-- RECORDS SHOWN follows --
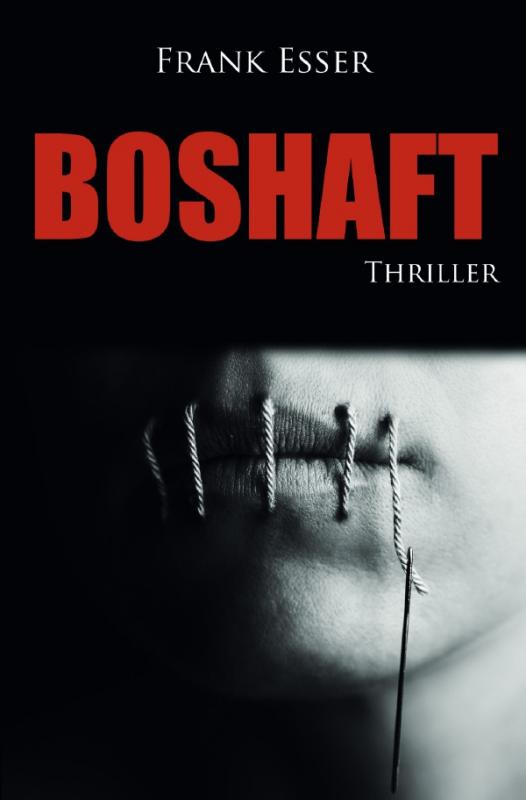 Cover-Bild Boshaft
-- RECORDS SHOWN concluded --
-- RECORDS SHOWN follows --
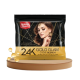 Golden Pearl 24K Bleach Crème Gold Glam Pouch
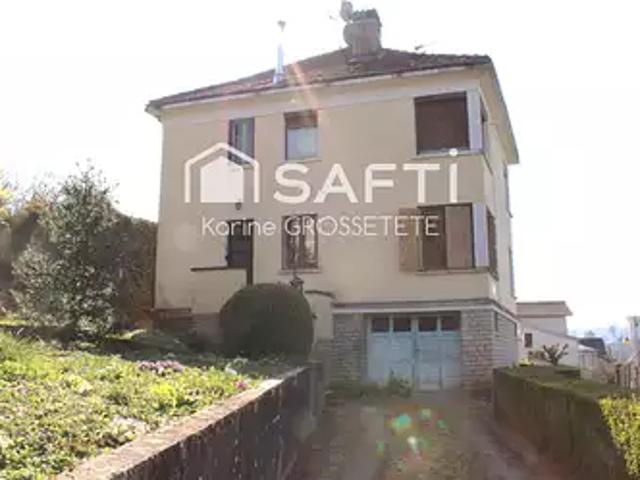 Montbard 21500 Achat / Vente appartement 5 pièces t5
-- RECORDS SHOWN concluded --
-- RECORDS SHOWN follows --
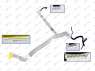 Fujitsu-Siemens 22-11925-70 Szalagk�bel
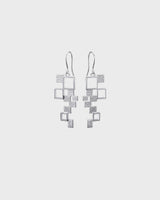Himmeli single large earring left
-- RECORDS SHOWN concluded --
- TASK BRIEF:
From the records above, copy only the lines running from the line holding "Golden Pearl 24K" through the line holding "Montbard 21500 Achat", with no pictures.

- RESULT OF THIS EXERCISE:
 Golden Pearl 24K Bleach Crème Gold Glam Pouch
 Montbard 21500 Achat / Vente appartement 5 pièces t5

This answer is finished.